- Przepraszam w swoim i zespołu imieniu za to, w jakim miejscu jesteśmy. Całą radość w Podbeskidziu czerpałem z szatni, która składa się z charakternych zawodników - mówił Robert Podoliński.

- Po stracie bramki na 1:0 musieliśmy zaryzykować, otworzyć się. Górnik w pierwszej połowie wykorzystał wszystkie okazje, jakie miał i to był dziś klucz do sukcesu. My nie potrafiliśmy się przebić przez defensywę gospodarzy, brakowało nam czegoś z przodu. W dodatku popełniliśmy błędy w defensywie, które kosztują nas wiele.

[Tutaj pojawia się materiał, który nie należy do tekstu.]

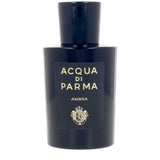 Ambra EDP 100ml - Acqua di Parma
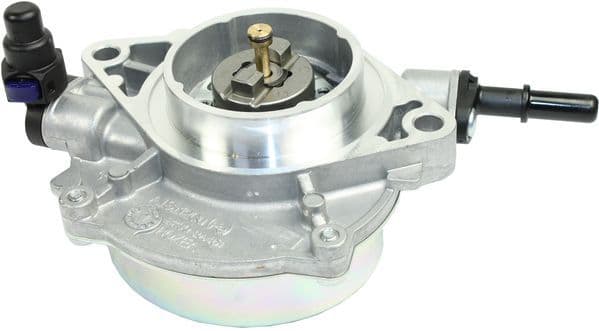 pompa vacuum,sistem de franare METZGER AUTOTEILE 8010046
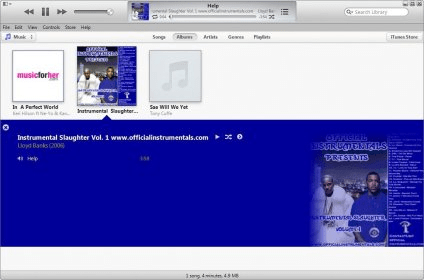 itunes 11 download windows 8.1 itunes 11 download windows 8.1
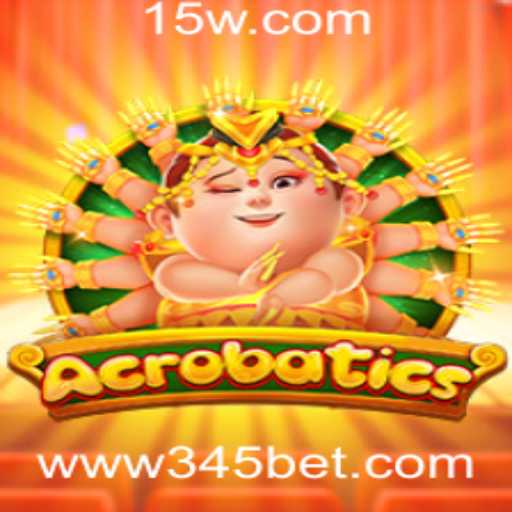 Dominando Acrobatics: Um Mergulho nas Regras e Estratégias do Jogo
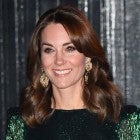 kate middleton in ireland on 3/3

- Dziękuję kibicom za to, że z nami jeździli, dopingowali i przepraszam w swoim i zespołu imieniu za to, w jakim miejscu jesteśmy. Całą radość w Podbeskidziu czerpałem z szatni, która składa się z charakternych zawodników i za każdym razem, mimo ciosów, potrafiła się podnosić i pokonywać trudności. Wyjątkiem jest to co się dziś stało, widok grupy dorosłych facetów załamanych w szatni jest dramatem. Zawiedliśmy siebie samych i całe Bielsko. Przepraszamy.